Retrato de José Hierro

Por Segisfredo Infante

segisfredo_infante_new-70He observado con detenimiento un retrato al carboncillo del poeta español José Hierro (1922-2002), elaborado por el pintor y dibujante hondureño don Benigno Gómez, quien ha tenido la generosidad de obsequiarme algunos de sus trabajos, entre otros un retrato, a colores, de mi rostro, que he agradecido en otros momentos. Hoy quiero referirme de modo casi exclusivo a la obra del poeta español, sugerida por la imagen al carboncillo que observo permanentemente, o de soslayo, desde el año 2005, fecha en que “Don Benigno” imaginó al poeta Hierro. Por cierto, casi nadie me ofrece referencias sobre el paradero o la salud de nuestro respetado pintor, discípulo directo de Miguel Ángel Ruiz Matutte, quien también se encuentra delicado de salud. (El Estado hondureño carece de un aparato que se encargue de auxiliar, sin trámites burocráticos, a los verdaderos escritores y pintores desempleados; o que por cualquier razón se encuentren en estado de calamidad. Otros países sí que tienen tales o cuales aparatos de auxilio, sean públicos o privados).

A propósito he tenido que rebuscar entre mis pertenencias “atruncuñadas”, algunos de los textos de José Hierro, que he acumulado entre mi juventud y los inevitables días otoñales. No los he podido rescatar todos. Por de pronto (o por mientras), me he topado con tres volúmenes suyos: “Cuaderno de Nueva York”, “Solo de Hierro” y “La luz más pura”, que permiten una aproximación a la obra poética del autor. Para empezar hay que decir que el hombre “no” pertenece a la generación del “veintisiete”. Creo que tampoco pertenece a la del “cincuenta”, pues sus publicaciones fueron apareciendo independientes de ambas generaciones, con algunas tonalidades que lo caracterizan. Se trata, de alguna forma, de uno de esos poetas solitarios, con cara formidablemente seria, que hablan por sí solos, abriendo espacios en lo inesperado; incluso en la ruidosa Nueva York, ciudad en la que Hierro atalayó a los viejos y los nuevos dinosaurios: unos que caminan semi-encorvados.

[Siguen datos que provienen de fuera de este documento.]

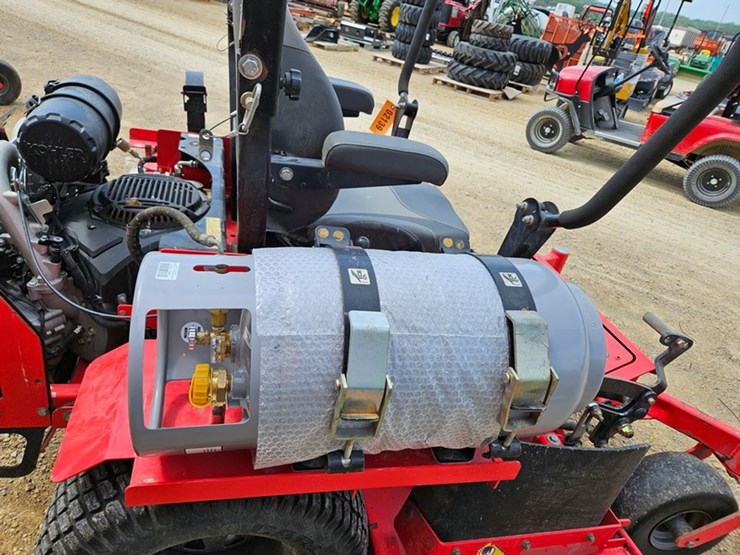 gravely-proturn-460-image-21
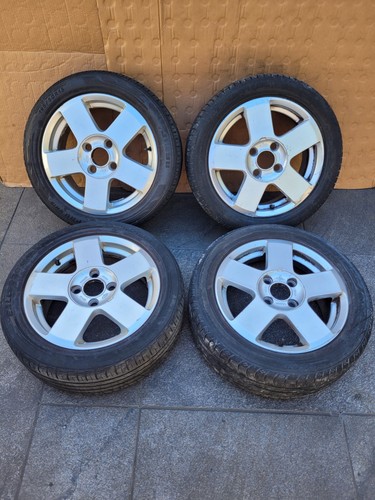 Set genuine ford fiesta - genuine,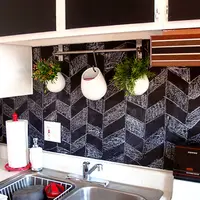 6 proiecte originale care iti vor schimba bucataria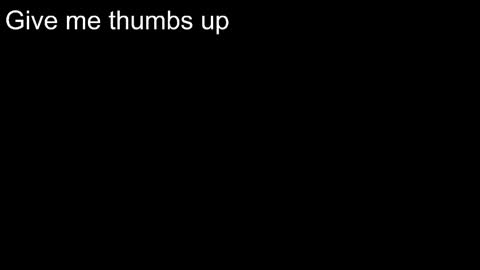 Snapshot of hey_arnold chatting on February 17, 10:03 pm Arnold online show from February 17, 10:03 pm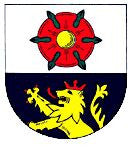 Achtelsbach Fahne / Flagge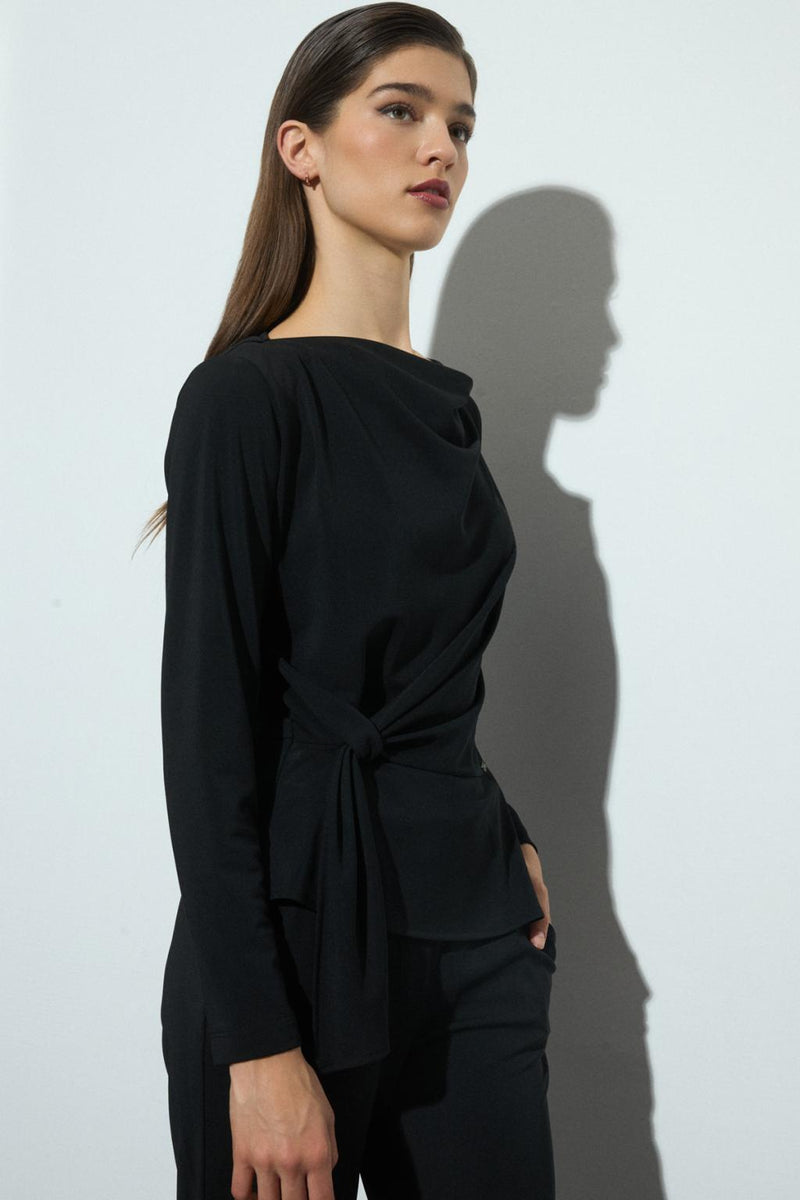CAMISETA BARILOCHE / WOMAN T-SHIRT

En Nueva York descubrió (o redescubrió), además, que él era un hombre solo, como un niño mendigo que deseaba “espantar el miedo”. Pero también descubrió que en la literatura se puede jugar con las coordenadas del tiempo, cuando mira que Wolfgang Amadeus Mozart se encuentra convencido de haber leído a Miguel de Unamuno. También porque en Nueva York existen filántropos, estrellas del cine o del deporte, economistas, escritores, senadores y presidentes, “que algún día zarparon con rumbo a otras galaxias”. La metrópoli del mundo es tan ruidosa que “la muerte es la desconocida”, como si se tratara de una auténtica “inmigrante ilegal”. Aquí recuerdo las expresiones del periodista y poeta hondureño Alfonso Guillén Zelaya, cuando afirmaba que habían dos lugares en que le gustaba vivir: En Lepaguare por ser el lugar más silencioso del mundo. Y en Nueva York por ser el lugar más ruidoso del mundo. Quizás exageraba Guillén Zelaya. Pero las imágenes son válidas. Por otro lado, este “Cuaderno de Nueva York” de Pepe Hierro hace pensar, de manera indirecta, en “Poeta en Nueva York” de Federico García Lorca.

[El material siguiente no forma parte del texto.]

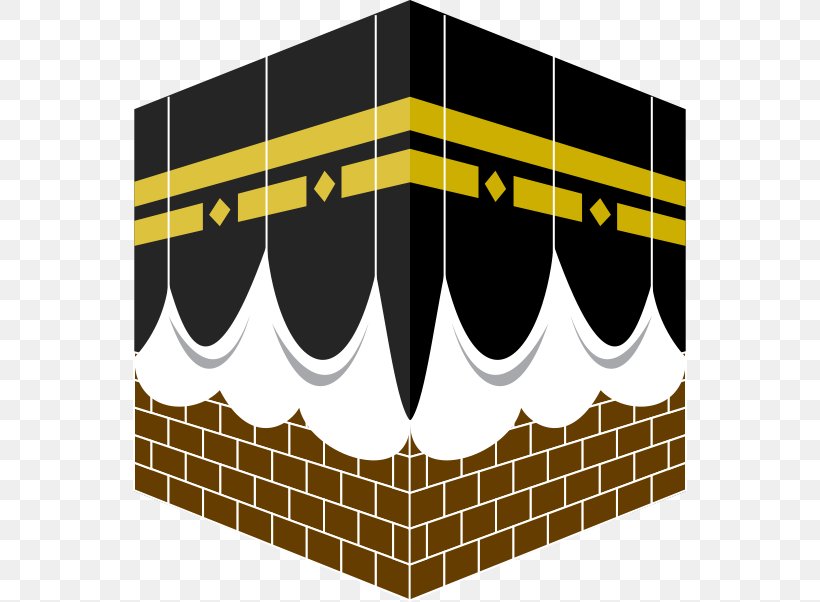 al kaaba clipart 10 free Cliparts | Download images on Clipground 2024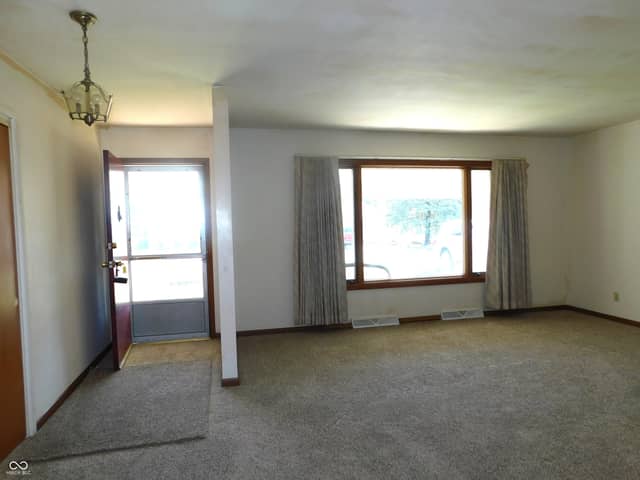 2017 N Nightingale Drive, Greensburg, IN 47240, photo 5 of 28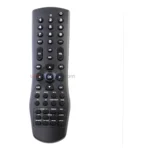 Vizio VP423 remote control replacement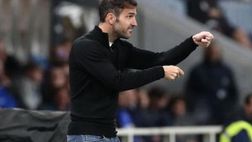 Serie A, il Como di Fabregas conquista la prima vittoria. Battuta l’Atalanta 3-2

José Lupiáñez sostiene que en la obra poética de José Hierro “se debate el dolor y la alegría”, como “pugna entre el fiero amor a la vida y la amarga experiencia de nuestra precariedad.” Porque la vida da alegría y “la propia muerte nos empuja a estar vivos; nos obliga a esa constancia de intensidad vital”. En uno de los versos del folletito “Solo de Hierro”, el poeta reafirma que entre el océano de los siglos nadie va a recordar “que un día nos morimos, porque nos moriremos”. Y añade lo siguiente: “Sé que si busco una mano// que me salve del olvido// no la encontraré”. En cuanto a la antología “La luz más pura”, hay mucho para deleitarse, mediante un doloroso “fluir del tiempo vivo// desangrándose a chorros”, por un “hachazo de luz que no hiende los troncos ni pone la llaga en la piedra.” Este último verso lumífero refleja la lectura de Pepe Hierro acerca del tratado sobre la poesía de Friedrich Hölderlin, por Martin Heidegger. Que sirva el presente artículo como un homenaje demasiado preliminar al poeta José Hierro y a su retratista hondureño don Benigno Gómez. Hay un aire expresivo que pone en coincidencia indirecta a ambos personajes, asiduos de las cafeterías. Eso por mientras aparecen otros libros del poeta calvo, de expresión  dura, entre mis hileras de textos y archivos apretujados.